In this book, he offers his predictions about the future of computing and computers which turn out to be astonishingly visionary since most of what he sees has been implemented since. Keep in mind that in 1971, nobody had a computer in their home and game consoles weren't invented yet, not even Pong. Computers were mostly in universities and in some companies for certain specific tasks such as payroll or bookkeeping.
So, here is a sample of what he envisioned:
"If there is a task that human beings have to carry out over and over again, it may well be worthwhile instead to spend several days teaching a computer how to do it. It is also worthwhile to invest considerable effort in developing "artificial intelligence" in computers in the hope of possible future payoffs."
"I fully expect that within the next generation we will see computer memories capable of holding the contents of the largest library in the world."
"...there is very little difficulty extending the programs to a computer system which would have twenty or thirty processors."
"But the next single most important development is likely to be the effective combination of computers and the communications network."
"The next decade is likely to see the development of huge computer networks. Indeed, several modest networks are in existence today, such as the airline reservation system..."
"The full impact of modern computer will be felt by most people only when large multiprocessor computer centers are built all over the United States and tied efficiently into the existing communications network".
"For example, a large company that has branches all over the country can keep its information in the network and have access to it from any branch office."
"I see absolutely no reason why a very reliable computer terminal could not be manufactured to sell for the price of a black-and-white television set. This will be necessary if computers are to be brought into the home."
"An educational program can be inserted anywhere in the network and be easily available to 90 percent of the population by means of a local call.
And this is just in the first 67 pages of the book. He goes on about explaining:
how such a network would be built,
how computers can be used in education,
how the library of the future would function, how to address the problem of storage, how to design a search system, the problem of transmission of documents,
how computers can be used as Management Information Systems to improve processes and operations in companies, government agencies, employment services and law enforcement,
how we will be able to create computers models of complex systems in order to run simulations of what-if scenarios, (Hey, that's what I do for a living!).
how people will get a personalized online newspaper in their home,
how we will be able to check the inventory of a store item and buy it online with a credit card,
how we will do the grocery online,
how we will send mail by computer,
how children will use the computer to help with their homework,
and to play games.
And then he says: "The reader may feel that I have let my imagination run away with me, but all the applications I have mentioned are possible in principle today. Therefore, they should be perfectly practical on a large scale by 1990."
The main difference between what he saw in 1971 for the future and what happened is that he saw home computers as just terminals connected to a central computer like computers were set-up in organizations at the time. That is not exactly what happened in the decades that followed.
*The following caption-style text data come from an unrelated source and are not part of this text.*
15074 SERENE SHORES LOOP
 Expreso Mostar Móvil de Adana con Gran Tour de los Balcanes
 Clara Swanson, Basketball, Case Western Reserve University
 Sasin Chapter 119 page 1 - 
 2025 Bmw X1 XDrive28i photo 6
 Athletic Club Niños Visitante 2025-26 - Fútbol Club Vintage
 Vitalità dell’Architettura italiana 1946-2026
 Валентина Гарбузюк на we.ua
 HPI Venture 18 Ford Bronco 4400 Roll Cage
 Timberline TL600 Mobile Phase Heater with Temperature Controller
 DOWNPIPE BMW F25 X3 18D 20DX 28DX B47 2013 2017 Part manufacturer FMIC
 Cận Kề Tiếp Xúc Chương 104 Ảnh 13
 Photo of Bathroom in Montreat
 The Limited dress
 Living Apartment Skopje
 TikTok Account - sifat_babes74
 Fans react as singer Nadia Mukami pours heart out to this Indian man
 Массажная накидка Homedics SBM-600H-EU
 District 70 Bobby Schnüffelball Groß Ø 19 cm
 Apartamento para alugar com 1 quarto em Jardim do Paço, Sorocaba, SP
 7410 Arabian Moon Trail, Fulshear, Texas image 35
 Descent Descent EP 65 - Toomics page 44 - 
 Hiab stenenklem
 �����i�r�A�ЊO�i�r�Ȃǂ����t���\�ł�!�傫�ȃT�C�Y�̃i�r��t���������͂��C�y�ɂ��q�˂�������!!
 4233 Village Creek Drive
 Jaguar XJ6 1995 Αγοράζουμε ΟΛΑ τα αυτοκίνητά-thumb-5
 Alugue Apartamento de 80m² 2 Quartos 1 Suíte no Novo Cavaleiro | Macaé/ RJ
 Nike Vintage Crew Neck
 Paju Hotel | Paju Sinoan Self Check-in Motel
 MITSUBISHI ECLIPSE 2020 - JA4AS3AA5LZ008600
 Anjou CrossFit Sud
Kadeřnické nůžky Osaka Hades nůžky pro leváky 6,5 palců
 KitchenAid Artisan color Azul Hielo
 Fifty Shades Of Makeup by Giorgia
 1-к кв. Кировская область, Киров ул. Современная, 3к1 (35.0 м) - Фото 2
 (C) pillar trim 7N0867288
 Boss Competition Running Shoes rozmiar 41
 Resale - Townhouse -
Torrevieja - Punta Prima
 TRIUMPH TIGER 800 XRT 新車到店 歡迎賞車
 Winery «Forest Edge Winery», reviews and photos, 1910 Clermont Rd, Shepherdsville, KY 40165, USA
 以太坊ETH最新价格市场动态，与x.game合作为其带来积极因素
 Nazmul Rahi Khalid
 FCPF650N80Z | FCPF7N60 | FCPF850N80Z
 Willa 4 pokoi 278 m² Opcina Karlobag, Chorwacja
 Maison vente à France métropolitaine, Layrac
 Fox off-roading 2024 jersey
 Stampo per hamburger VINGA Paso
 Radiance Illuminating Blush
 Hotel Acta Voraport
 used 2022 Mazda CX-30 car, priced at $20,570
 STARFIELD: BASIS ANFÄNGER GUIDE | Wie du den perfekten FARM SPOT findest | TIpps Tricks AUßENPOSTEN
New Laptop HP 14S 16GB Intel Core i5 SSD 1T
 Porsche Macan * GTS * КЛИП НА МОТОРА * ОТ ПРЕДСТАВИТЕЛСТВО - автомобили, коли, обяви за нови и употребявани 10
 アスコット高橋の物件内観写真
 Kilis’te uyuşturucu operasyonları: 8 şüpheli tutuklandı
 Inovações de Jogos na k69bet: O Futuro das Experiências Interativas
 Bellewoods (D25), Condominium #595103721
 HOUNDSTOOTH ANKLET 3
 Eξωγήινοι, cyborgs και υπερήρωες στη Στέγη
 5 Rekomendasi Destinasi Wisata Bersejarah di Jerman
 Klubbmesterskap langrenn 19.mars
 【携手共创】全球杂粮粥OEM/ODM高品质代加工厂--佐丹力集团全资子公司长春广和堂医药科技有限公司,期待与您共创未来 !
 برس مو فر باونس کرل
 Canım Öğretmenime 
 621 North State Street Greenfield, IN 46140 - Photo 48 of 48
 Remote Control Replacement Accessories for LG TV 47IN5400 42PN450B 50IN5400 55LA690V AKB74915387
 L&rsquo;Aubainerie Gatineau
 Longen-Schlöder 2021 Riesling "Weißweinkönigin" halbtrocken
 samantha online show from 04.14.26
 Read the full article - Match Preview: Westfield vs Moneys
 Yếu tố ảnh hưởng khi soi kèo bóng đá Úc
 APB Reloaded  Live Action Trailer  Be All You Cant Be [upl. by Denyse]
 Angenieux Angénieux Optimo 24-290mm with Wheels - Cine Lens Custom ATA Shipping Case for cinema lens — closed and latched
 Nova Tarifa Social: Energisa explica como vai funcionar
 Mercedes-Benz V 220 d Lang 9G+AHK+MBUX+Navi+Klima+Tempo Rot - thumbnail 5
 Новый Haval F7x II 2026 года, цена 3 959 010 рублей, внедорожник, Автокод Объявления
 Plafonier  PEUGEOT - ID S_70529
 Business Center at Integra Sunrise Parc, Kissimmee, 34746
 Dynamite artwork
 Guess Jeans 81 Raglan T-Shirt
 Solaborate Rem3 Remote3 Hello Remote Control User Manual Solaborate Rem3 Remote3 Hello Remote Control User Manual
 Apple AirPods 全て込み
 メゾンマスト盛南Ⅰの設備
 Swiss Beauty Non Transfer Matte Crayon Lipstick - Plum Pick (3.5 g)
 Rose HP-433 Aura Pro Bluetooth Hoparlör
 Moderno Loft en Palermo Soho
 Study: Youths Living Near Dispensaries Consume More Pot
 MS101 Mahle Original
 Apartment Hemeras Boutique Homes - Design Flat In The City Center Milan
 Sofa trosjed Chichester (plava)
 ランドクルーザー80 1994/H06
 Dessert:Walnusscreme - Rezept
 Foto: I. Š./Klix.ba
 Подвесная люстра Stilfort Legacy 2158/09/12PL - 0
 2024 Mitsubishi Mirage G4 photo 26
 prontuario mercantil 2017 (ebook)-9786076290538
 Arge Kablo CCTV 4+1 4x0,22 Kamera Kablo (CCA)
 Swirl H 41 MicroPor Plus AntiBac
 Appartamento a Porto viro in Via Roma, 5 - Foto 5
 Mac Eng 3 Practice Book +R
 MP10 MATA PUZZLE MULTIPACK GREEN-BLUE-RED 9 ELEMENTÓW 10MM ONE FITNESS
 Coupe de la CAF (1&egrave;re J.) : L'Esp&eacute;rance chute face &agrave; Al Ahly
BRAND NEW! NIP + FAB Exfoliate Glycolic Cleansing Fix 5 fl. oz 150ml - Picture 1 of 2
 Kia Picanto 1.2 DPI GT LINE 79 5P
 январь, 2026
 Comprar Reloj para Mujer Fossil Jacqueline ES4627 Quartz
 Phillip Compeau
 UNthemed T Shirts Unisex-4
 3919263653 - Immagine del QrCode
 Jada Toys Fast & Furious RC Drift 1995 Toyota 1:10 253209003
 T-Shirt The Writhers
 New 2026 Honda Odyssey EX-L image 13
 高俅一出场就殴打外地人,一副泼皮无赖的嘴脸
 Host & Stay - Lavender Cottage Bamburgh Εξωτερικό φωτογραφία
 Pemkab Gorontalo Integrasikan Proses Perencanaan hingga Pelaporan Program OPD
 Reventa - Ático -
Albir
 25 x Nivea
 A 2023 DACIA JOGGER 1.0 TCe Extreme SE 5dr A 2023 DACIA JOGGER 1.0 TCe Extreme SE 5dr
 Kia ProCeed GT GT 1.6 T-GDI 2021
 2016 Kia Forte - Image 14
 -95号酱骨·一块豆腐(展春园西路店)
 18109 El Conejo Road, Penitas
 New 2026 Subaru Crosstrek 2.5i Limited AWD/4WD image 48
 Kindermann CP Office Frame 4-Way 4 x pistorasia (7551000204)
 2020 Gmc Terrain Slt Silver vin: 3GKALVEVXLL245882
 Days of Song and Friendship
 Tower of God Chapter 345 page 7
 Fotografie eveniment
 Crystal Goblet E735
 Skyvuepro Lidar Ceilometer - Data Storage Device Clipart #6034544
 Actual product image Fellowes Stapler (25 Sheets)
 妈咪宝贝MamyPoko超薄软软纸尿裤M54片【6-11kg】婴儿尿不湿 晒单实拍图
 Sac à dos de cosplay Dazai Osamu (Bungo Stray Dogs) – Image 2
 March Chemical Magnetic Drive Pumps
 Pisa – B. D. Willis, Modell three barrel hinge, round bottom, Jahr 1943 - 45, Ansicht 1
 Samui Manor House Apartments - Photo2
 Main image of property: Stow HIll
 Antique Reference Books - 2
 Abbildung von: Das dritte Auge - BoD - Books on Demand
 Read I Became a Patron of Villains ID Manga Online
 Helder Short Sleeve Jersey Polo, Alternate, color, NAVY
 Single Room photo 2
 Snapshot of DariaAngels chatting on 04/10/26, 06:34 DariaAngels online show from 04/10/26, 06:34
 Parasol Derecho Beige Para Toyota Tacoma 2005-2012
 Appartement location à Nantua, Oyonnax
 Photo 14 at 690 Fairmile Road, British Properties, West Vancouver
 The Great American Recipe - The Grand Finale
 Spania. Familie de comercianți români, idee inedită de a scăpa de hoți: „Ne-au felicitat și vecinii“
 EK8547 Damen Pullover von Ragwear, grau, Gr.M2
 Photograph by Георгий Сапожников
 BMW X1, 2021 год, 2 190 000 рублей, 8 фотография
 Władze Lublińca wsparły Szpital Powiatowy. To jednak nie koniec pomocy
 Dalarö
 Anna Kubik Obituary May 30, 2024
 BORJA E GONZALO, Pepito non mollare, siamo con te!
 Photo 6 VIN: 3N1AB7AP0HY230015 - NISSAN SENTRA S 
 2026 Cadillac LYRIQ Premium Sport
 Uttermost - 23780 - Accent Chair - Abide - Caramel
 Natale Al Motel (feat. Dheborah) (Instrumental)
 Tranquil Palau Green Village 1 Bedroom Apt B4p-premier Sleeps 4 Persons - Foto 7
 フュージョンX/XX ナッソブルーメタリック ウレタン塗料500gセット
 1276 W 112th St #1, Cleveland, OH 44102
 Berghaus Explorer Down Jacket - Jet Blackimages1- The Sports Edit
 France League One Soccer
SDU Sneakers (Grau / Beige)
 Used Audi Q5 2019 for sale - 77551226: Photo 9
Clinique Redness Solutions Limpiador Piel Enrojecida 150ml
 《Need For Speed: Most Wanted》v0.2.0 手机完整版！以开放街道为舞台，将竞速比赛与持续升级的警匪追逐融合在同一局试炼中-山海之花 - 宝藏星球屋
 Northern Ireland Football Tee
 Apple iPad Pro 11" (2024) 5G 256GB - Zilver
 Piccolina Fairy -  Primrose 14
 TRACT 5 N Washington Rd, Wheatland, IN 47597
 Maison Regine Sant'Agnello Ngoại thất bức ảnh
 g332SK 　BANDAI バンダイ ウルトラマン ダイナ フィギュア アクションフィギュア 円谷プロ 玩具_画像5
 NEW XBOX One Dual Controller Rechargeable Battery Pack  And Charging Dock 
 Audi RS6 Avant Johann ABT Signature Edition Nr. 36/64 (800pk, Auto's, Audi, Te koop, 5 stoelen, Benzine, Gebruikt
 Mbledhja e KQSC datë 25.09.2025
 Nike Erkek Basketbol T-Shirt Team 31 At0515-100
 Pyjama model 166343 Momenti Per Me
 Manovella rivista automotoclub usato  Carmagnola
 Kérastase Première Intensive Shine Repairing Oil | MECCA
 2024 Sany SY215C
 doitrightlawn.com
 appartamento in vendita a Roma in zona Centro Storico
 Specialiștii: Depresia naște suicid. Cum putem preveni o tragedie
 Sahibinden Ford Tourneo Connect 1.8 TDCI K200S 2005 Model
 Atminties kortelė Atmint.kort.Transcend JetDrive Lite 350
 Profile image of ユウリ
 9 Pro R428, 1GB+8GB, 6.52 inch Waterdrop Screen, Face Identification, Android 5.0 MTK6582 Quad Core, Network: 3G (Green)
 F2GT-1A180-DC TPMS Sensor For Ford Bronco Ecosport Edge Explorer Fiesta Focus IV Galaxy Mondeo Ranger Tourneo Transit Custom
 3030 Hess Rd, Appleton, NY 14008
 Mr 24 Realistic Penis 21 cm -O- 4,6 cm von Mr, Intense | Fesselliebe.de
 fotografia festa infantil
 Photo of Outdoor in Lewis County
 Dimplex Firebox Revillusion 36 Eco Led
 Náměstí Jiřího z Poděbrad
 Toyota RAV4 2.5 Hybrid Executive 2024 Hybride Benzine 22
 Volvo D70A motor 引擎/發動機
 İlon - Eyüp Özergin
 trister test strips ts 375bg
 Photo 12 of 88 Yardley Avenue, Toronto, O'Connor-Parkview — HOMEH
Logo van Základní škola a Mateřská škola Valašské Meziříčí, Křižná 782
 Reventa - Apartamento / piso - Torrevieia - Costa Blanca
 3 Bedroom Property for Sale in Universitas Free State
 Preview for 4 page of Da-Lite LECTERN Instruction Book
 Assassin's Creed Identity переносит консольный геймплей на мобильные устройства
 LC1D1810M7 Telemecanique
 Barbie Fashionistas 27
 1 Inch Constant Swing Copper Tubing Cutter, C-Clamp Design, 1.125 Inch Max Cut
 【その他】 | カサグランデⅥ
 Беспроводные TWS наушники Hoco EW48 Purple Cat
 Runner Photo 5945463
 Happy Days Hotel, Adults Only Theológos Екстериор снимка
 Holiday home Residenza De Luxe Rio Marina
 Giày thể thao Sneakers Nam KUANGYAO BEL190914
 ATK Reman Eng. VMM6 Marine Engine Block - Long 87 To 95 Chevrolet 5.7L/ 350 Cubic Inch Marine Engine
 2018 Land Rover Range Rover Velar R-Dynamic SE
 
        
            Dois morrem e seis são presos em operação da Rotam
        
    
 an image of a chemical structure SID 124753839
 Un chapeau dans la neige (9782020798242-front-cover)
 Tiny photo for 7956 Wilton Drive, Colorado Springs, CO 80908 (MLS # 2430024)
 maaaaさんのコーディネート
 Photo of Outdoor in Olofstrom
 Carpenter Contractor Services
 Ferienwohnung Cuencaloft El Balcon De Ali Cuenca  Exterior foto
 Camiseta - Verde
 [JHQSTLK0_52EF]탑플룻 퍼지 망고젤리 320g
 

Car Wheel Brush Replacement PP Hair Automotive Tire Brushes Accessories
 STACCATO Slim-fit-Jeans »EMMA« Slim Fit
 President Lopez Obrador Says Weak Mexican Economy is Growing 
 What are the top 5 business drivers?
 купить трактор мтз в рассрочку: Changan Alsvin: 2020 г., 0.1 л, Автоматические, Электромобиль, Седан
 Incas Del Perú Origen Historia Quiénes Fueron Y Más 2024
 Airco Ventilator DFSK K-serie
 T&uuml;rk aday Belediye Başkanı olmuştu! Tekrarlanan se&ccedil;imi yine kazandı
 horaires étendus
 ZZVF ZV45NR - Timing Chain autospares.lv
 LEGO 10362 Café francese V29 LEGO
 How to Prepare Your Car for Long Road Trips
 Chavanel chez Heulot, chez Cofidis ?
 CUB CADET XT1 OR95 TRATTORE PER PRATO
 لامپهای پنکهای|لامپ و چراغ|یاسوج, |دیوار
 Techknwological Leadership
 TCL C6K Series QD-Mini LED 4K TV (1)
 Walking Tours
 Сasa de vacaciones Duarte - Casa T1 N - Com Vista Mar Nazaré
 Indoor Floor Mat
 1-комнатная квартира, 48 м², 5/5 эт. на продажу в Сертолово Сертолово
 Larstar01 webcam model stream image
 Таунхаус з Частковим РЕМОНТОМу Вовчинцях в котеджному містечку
Home computers arrived as autonomous computers in the 80s and have remained as such since. But, since the 90s, they have also been connected through the internet for information sharing so the net result of this evolution is similar to what he envisioned.
I find it fascinating that someone could have such a clear vision of the future. One of the great expectations a lot of humans had in the 70s was that we would be using flying cars by the year 2000. We’ll… that didn’t happen, but other important things did happen and John G. Kemeny saw them coming from half a century ago. If he was still alive today (he died in 1992), I would love to congratulate him and ask him what he now sees for the future.